EUR/USD hit a session high at 1.3778 at 11:46 GMT, after which consolidation followed at 1.3776, adding 0.075 for the day. Support was likely to be received at March 31st low, 1.3724, while resistance was to be encountered at April 2nd high, 1.3820.

The European Central Bank announced today, at the policy meeting in Frankfurt, that it will maintain the benchmark interest rate at a record-low 0.25 percent, the deposit rate at zero and the marginal lending rate at 0.75%. In November, the central bank unexpectedly cut its benchmark interest rate to a record-low 0.25%, after annualized inflation rate in the euro area slowed down to 0.7%.

Central banks officials refrained from taking action as there were contradictory signals, as recent data added to evidence that the economy is gaining momentum, the common currency has risen more than 7% against the US dollar in the past year and inflation bottomed at the weakest level in four years last month, underlining the risks to the outlook. At the same time, unemployment also remained near a record-high in February.

The ECB President Mario Draghi is expected to hold a press conference at 12:30 GMT to present the measures the central bank can take, including those endorsed by Jens Weidmann.

“Many would argue that the inflation outlook in particular has been bad enough for a long time already to justify more ECB action,” commented Greg Fuzesi ahead of the ECB decision, an economist at JPMorgan Chase & Co. in London, who forecast rates will stay unchanged, cited by Bloomberg. “We view the recent comments by Weidmann on QE and a negative deposit rate as helpful as they allow Draghi to threaten action more credibly.”

The governor of the Bundesbank and member of the ECB Governing Council, Jens Weidmann commented last week, the ECB may use negative interest rates to counter further appreciation of the 18-nation common currency and added that policy makers have not ruled out introducing new stimulus to fight against deflation.

European Central Bank Vice President Vitor Constancio commented on April 1 that the euro area will probably avoid deflation as the economic recovery is gaining momentum and “the low figure in March will be corrected to a high figure in April”, referring to the inflation rate.

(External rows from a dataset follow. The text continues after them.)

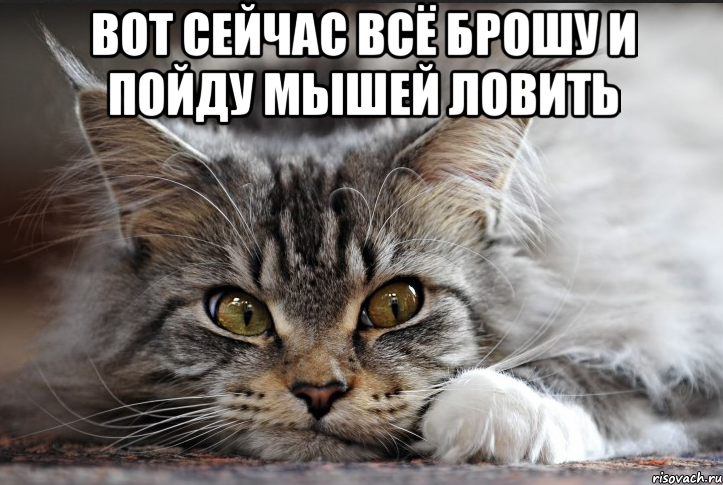 ВОТ СЕЙЧАС ВСЁ БРОШУ И ПОЙДУ МЫШЕЙ ЛОВИТЬ , Мем Сердце ноет просится домой домой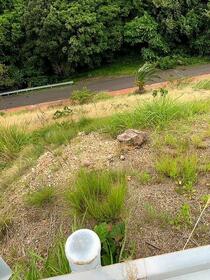 愛知県知多郡南知多町大字片名字田尻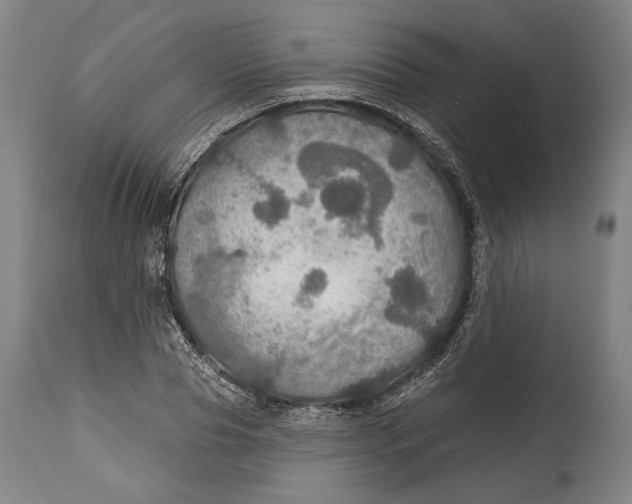 X0000114610929200911101149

At the same time, he underlined that the recovery remains fragile as there are threats from external shocks and the euro area may continue to experience weak price pressure for a prolonged period of time.

Constancio’s comments come after data showed on Monday the euro zone’s preliminary annualized index of consumer prices, evaluated in accordance with Eurostat’s harmonized methodology, slowed down to 0.5% in March from 0.7% in February, trailing analysts’ forecasts for a smaller decline to 0.6%. March’s inflation rate is the weakest since October 2009 and marked a sixth straight reading below 1%, remaining quite far from European Central Bank’s inflation target of just under 2%.

The central bank forecast weak price pressure to remain in place until at least 2016, with an inflation rate of 1% in 2014 and 1.3% next year, well below its target of 2%, which is used as a benchmark for price stability in the medium term.

Meanwhile, demand for the US dollar was supported as a report by Automatic Data Processing Inc. (ADP) showed yesterday, the US private sector added 191 000 workers last month after February’s number was revised up by 39 000 to 178 000, However, analysts’ forecasts called for a 195 000 gain in March.

The ADP report usually comes out two days before the official employment report by the Bureau of Labor Statistics (BLS), thus, providing clues over the tendency in nation’s non-farming sector. The government report scheduled to be released tomorrow may show private payrolls rose by 200 000 in March, the most in four months, according to the median experts’ forecast. A separate report by the Institute for Supply Management may show its non-manufacturing index surged to 53.5 last month from 51.6 in February.